If you just want to install python3 and pip3 this can be done through brew on MacOS or apt on Ubuntu LTS 16.04.
MacOS:
brew install python3
Ubuntu LTS 16.04:
apt install python3
apt install python-pip3
If you want to use an Anaconda environment, make sure you've created and activated it before installing anything else, e.g.:
conda create -n openmined python=3.6 anaconda -y
source activate openmined #(or conda activate openmined, depending on your version of conda)
Grid requires PyTorch. Follow the instructions at https://pytorch.org to install the correct build for your platform/environment.
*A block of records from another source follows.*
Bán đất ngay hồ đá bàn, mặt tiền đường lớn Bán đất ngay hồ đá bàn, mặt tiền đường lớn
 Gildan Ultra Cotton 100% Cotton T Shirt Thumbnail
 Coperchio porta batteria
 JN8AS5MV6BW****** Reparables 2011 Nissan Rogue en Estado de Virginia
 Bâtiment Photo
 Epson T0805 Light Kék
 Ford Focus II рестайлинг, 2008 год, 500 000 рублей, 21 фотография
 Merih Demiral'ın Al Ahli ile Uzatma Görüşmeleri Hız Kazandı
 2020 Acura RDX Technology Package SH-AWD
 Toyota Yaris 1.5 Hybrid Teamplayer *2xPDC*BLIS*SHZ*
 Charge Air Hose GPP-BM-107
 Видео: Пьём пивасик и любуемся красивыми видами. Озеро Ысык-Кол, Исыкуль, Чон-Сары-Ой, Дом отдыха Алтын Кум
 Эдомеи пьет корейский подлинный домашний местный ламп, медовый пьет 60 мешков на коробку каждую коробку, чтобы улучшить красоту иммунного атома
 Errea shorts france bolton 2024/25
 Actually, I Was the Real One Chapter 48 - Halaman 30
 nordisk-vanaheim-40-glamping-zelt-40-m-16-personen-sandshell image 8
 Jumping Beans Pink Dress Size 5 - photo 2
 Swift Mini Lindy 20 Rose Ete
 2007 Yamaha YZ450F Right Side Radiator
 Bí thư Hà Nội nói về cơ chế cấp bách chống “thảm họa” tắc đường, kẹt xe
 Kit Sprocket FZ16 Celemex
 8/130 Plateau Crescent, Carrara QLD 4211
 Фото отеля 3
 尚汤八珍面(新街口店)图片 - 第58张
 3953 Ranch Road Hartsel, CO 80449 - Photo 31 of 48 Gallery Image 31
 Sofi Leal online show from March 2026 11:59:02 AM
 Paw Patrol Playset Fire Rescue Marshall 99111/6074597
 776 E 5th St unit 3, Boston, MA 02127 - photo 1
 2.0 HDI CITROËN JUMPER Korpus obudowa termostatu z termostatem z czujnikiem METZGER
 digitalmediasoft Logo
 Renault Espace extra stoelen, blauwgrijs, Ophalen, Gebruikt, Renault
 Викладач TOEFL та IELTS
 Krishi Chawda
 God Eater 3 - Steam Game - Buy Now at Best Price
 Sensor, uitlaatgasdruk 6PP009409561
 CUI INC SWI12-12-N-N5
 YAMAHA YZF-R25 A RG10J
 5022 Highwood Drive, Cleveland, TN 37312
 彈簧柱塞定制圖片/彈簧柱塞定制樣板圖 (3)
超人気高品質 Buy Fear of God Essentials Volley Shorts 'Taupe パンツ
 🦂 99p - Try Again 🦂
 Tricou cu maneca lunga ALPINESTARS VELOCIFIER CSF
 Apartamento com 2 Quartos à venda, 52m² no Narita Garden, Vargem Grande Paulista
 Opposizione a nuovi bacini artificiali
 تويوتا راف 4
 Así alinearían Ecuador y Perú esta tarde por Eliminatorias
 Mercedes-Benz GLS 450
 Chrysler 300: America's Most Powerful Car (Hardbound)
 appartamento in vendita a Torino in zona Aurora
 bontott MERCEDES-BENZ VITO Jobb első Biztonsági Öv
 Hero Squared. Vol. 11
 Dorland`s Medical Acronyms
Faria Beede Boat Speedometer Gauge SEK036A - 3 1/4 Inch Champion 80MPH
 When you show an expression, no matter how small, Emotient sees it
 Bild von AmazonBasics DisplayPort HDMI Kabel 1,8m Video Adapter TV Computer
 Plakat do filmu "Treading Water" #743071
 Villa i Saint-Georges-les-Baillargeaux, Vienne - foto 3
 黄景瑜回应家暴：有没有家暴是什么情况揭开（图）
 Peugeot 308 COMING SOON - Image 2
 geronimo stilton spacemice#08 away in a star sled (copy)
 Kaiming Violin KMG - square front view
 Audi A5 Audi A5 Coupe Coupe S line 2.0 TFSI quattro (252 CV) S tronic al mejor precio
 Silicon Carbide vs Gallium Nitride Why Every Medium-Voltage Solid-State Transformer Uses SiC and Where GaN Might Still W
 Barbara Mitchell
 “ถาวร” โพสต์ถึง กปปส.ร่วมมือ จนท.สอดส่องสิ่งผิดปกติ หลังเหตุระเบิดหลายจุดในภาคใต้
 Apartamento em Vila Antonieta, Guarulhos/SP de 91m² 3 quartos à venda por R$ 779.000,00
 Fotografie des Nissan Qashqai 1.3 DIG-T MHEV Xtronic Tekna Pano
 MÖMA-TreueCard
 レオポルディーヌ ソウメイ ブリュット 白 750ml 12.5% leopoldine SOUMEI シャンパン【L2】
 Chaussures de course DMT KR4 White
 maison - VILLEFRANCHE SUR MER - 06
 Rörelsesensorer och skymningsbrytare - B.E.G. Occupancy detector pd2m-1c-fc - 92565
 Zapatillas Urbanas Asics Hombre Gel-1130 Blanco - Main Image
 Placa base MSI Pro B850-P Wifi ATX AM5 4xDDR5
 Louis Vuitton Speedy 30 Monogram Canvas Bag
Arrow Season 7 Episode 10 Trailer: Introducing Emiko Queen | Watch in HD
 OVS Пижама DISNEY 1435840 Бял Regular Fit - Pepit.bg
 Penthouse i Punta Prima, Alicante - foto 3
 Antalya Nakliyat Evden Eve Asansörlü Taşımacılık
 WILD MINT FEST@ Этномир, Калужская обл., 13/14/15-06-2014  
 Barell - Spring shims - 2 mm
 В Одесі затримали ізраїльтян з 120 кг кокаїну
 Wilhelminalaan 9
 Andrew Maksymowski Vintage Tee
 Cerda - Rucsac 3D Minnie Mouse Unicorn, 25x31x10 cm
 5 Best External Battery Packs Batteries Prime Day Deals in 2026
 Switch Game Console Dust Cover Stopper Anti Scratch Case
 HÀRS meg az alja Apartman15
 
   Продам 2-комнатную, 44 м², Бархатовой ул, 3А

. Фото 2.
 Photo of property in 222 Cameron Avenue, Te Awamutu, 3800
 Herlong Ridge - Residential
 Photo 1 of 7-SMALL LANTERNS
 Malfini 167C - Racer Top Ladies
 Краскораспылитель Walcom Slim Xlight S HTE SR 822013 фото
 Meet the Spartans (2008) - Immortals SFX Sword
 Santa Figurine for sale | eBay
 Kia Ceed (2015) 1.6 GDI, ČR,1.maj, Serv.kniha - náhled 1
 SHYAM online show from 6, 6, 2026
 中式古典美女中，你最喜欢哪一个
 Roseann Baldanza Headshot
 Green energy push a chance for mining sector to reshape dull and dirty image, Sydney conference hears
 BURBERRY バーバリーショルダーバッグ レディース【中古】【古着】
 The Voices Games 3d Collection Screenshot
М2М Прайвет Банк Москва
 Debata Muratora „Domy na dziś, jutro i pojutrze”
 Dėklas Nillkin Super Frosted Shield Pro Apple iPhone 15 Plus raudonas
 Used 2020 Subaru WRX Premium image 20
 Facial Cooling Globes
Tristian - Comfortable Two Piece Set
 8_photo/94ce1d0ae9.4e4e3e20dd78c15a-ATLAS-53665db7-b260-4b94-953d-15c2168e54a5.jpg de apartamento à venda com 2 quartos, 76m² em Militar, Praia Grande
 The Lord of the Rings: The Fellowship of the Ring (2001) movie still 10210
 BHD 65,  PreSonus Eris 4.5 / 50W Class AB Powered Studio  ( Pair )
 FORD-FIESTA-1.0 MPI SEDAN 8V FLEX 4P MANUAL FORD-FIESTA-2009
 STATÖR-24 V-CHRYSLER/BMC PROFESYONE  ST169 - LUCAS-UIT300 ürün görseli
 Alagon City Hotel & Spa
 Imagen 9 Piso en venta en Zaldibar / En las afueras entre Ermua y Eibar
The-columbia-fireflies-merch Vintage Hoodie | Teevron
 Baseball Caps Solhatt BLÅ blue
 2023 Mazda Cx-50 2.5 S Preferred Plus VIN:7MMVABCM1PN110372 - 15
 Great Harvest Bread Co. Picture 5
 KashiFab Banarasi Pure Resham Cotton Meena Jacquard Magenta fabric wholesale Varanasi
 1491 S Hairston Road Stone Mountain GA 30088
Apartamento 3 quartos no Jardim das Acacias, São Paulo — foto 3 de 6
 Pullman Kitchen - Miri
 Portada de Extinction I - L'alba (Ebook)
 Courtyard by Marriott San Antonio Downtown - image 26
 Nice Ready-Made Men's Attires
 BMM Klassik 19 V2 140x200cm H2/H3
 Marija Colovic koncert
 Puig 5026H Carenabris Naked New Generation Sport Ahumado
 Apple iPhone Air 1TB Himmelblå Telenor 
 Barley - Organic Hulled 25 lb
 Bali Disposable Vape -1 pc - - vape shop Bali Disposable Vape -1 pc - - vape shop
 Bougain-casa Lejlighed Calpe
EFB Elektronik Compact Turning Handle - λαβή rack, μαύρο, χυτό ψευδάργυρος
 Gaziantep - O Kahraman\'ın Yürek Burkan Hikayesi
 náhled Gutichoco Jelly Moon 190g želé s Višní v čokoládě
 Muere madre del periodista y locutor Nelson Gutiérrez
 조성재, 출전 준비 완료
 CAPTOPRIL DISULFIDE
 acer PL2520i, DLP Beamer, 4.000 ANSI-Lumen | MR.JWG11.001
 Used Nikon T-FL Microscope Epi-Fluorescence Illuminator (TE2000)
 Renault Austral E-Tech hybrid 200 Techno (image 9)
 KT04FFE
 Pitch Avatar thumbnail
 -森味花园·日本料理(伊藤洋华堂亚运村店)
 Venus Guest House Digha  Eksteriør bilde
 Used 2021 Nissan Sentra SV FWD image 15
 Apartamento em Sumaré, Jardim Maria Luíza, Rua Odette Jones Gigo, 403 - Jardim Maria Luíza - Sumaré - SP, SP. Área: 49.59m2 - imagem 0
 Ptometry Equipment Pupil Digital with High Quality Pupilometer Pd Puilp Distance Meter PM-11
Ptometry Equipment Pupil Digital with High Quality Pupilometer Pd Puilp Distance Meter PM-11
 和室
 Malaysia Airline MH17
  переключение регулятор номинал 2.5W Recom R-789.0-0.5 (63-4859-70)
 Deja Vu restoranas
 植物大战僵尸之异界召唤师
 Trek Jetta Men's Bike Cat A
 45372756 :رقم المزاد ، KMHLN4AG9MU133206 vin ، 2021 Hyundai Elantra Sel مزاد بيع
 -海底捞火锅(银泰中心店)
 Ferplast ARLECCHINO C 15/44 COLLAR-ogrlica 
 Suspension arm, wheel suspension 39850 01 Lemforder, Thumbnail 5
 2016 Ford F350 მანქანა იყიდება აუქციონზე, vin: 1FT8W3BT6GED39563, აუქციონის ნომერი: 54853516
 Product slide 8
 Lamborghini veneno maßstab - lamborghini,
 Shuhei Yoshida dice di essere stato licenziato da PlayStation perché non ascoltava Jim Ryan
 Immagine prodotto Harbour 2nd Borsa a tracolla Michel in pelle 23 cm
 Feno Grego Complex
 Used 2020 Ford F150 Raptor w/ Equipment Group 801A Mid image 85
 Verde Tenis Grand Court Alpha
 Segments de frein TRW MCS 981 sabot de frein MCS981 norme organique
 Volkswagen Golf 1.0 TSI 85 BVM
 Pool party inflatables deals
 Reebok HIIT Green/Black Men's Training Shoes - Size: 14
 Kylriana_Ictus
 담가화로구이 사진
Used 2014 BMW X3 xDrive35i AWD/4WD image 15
Finally, navigate to the local clone of the Grid repository and run python setup.py install
. If you're going to be developing Grid, you can replace that with python setup.py develop
.
Grid worker can now start the ipfs daemon for you, but if you want to start it manually it can be with:
start_ipfs
You can then run the worker daemon. If you want to run in compute
mode run:
start_worker --compute
and if you want to run in tree
mode, run:
start_worker --tree
If you have GPU and want to use them, you will need to have nvidia-docker2. Make sure you can see your gpus using
docker run --runtime=nvidia --rm nvidia/cuda nvidia-smi
The main scrip to launch the grid is run_grid.sh. It has several flags
Usage: ./run_grid.sh [-g <gpu>] [-m <grid-mode>] [-a <host_ip>] [-n <name>] [-e <email>]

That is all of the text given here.